= Beginning of Section =

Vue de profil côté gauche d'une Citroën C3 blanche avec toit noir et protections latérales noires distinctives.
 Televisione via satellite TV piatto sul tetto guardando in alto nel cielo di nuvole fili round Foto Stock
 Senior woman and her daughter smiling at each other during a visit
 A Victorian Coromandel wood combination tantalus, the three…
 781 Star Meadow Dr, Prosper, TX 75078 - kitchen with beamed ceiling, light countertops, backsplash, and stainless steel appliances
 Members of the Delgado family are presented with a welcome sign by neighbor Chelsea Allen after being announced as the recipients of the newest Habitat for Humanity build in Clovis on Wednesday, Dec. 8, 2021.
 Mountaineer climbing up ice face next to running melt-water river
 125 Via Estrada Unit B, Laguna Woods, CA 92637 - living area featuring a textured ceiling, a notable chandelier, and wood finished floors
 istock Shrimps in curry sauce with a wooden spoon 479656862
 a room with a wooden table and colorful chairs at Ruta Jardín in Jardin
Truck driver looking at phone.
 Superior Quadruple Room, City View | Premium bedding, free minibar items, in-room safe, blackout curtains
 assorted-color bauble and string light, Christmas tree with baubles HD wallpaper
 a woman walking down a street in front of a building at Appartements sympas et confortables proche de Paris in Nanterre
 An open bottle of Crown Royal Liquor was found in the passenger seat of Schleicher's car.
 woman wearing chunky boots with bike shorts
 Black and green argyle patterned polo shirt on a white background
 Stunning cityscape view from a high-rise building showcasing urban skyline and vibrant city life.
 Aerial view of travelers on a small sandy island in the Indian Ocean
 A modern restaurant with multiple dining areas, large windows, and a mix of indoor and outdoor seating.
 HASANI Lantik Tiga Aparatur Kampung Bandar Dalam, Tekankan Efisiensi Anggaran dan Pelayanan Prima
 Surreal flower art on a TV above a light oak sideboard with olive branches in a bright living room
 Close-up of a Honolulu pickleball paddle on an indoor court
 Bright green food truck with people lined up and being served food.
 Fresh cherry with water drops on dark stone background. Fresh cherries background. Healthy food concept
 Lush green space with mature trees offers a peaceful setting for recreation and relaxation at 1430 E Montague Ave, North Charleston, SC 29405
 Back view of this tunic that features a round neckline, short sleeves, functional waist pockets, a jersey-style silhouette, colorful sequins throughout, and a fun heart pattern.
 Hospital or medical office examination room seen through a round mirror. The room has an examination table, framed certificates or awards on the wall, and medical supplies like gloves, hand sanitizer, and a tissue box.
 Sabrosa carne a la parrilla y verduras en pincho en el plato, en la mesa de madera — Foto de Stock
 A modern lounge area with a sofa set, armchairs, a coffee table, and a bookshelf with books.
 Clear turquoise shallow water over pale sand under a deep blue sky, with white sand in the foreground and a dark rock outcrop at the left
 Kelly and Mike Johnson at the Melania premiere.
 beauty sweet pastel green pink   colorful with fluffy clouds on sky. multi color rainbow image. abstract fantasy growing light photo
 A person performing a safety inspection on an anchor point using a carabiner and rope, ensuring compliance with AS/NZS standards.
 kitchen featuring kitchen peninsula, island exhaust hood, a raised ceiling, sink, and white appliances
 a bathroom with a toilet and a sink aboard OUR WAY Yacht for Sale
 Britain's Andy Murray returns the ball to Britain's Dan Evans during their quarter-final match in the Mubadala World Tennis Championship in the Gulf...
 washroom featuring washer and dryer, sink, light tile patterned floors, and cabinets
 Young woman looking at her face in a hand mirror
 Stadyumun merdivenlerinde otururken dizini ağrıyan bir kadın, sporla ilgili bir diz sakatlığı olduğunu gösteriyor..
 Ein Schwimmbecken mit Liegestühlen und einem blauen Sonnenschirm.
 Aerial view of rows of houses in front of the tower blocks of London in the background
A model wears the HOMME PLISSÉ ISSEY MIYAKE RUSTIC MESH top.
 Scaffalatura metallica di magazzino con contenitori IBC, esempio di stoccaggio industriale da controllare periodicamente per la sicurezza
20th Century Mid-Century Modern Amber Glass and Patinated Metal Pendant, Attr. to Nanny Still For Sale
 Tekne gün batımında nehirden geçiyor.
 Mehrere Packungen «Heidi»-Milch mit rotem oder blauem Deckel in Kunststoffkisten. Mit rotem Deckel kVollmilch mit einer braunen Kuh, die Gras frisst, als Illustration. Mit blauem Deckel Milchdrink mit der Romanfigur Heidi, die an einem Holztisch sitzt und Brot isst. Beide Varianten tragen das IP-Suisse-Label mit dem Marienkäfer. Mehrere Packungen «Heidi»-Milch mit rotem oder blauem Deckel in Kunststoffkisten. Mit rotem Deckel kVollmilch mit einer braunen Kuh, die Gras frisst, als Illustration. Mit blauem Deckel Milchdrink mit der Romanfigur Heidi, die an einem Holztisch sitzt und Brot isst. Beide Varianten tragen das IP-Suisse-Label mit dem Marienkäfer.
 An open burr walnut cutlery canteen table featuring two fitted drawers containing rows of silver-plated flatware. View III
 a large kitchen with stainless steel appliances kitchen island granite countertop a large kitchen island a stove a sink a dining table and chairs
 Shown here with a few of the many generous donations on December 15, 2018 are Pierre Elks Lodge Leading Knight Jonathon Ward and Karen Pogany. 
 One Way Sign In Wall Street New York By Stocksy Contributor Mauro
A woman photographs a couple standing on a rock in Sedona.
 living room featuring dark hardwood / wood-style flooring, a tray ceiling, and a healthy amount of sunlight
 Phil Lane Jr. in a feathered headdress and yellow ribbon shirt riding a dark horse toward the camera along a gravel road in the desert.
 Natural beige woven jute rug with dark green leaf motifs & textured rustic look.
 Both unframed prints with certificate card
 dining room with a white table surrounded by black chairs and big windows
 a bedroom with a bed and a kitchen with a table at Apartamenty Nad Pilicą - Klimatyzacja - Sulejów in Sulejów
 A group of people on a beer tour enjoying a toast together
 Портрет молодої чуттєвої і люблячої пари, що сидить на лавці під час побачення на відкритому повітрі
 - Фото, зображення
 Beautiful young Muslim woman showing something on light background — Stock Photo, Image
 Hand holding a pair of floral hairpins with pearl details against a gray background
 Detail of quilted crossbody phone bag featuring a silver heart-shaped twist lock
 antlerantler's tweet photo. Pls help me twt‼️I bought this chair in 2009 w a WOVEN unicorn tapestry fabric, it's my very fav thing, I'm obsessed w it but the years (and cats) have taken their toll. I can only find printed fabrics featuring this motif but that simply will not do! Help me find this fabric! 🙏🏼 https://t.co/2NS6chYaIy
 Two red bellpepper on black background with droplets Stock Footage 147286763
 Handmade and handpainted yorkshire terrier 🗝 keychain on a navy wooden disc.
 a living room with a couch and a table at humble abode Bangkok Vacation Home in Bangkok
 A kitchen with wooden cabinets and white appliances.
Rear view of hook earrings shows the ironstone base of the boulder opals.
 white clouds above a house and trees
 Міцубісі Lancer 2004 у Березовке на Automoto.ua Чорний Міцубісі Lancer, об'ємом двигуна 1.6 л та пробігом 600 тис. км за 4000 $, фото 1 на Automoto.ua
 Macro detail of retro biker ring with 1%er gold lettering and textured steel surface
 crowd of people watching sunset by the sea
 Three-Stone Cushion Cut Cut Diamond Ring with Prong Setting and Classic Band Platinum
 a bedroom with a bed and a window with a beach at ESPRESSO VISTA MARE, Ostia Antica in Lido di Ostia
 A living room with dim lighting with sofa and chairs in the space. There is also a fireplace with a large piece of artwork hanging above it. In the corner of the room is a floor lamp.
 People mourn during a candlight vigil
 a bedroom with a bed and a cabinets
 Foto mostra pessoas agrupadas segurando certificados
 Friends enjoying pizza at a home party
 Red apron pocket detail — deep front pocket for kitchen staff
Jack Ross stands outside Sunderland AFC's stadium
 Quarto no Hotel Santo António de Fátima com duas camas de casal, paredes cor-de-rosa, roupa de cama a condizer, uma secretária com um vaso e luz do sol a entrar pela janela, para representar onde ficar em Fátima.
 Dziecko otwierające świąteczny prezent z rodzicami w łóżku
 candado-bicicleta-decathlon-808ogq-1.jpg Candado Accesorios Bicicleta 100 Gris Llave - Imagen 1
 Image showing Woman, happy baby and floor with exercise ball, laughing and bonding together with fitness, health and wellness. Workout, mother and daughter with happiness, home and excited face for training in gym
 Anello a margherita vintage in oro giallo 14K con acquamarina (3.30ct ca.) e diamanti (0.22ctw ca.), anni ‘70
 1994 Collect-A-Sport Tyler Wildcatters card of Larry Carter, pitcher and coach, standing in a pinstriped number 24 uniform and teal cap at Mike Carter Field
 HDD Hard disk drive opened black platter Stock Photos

= End of Section =

What is expected: What is asked for is an exact copy of the lines above from the one containing "Bright green food" through the one containing "Hospital or medical", and only those.

Exercise output:
 Bright green food truck with people lined up and being served food.
 Fresh cherry with water drops on dark stone background. Fresh cherries background. Healthy food concept
 Lush green space with mature trees offers a peaceful setting for recreation and relaxation at 1430 E Montague Ave, North Charleston, SC 29405
 Back view of this tunic that features a round neckline, short sleeves, functional waist pockets, a jersey-style silhouette, colorful sequins throughout, and a fun heart pattern.
 Hospital or medical office examination room seen through a round mirror. The room has an examination table, framed certificates or awards on the wall, and medical supplies like gloves, hand sanitizer, and a tissue box.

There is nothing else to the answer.